At that moment, as if on cue, Dan’s dream ended the same way the firefight had ended-with Bozo. The dog scrambled up onto the bed, whining and licking Dan’s face.

“Go away,” Dan ordered. “Leave me alone.”

From the moment the bomb went off, Bozo was transformed. When it came time to go on patrol, he was dead serious. He paid attention. He obeyed orders. And he seemed to develop almost a sixth sense about the possibility of danger. Twice he had alerted Dan in time for the two of them to dive for cover before bombs exploded rather than after. And if Bozo said someplace was a no-go, Dan paid attention and didn’t go there.

But right now, the dog and the man weren’t working. They were in bed. Bozo immediately understood that his master didn’t mean it, that his order to go away was one that could be disobeyed. As a consequence, he paid no attention and didn’t let up.

The recurring dream came to Dan night after night, or, as now when he was working the night shift, day after day. The nightmare always left him shaken and anxious and drenched in sweat. He wondered if maybe he had cried out in his sleep and that was what caused Bozo to come running.
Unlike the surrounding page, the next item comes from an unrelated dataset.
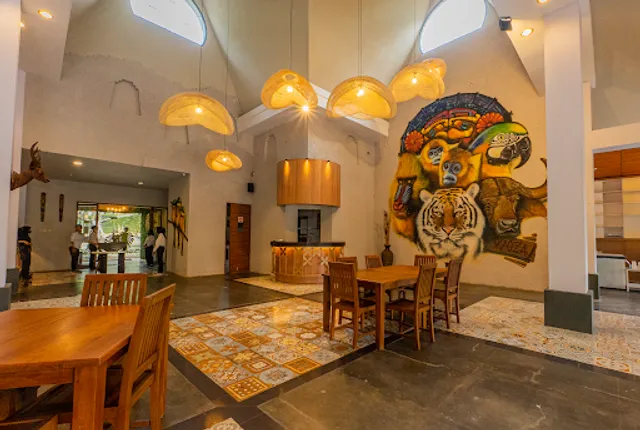 Tepi Sungai Resto Ciwidey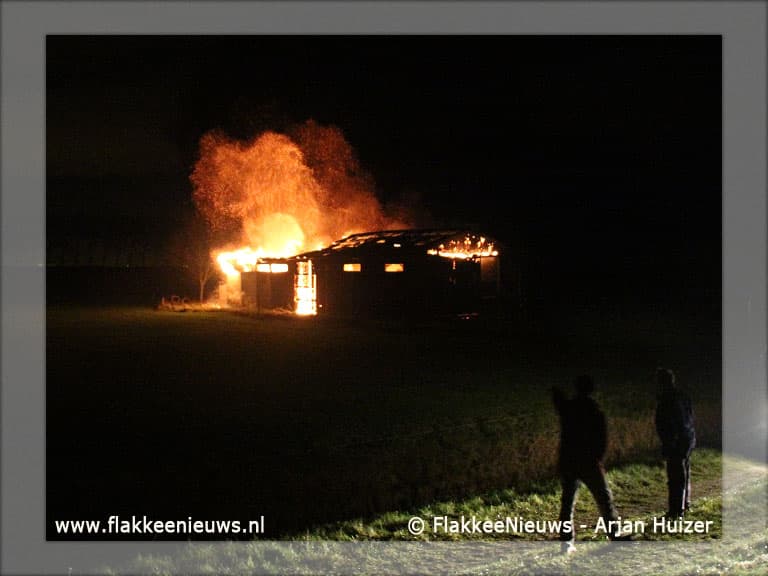 Schuur afgebrand in polder Sommelsdijk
Dan tried unsuccessfully to dodge away from Bozo by pulling the sweat-soaked covers over his head and turning the other way, but Bozo was relentless. Thumping his tail happily, the dog scrambled to Dan’s other side and burrowed under the covers to join him. After all, it was time for breakfast. According to Bozo’s time calculations, Dan needed to drag his lazy butt out of bed and get moving.

“All right, all right,” Dan grumbled, giving the dog a fond whack on his empty-sounding head. “I’m up. Are you happy?”

In truth the dog was happy, slobbery grin and all.

Tucson, Arizona

Saturday, June 6, 2009, 1:15 p.m.

93º Fahrenheit

Abby turned the key in the ignition and listened as the powerful V-8 engine roared to life. There was maybe the tiniest squeal, as though a fan belt might be slipping a bit, but the motor settled into a steady hum and the air-conditioning came on full blast-blazingly hot at first, but then cooling. While Abby waited a few moments for the steering wheel to be cool enough to touch, she picked up her cell.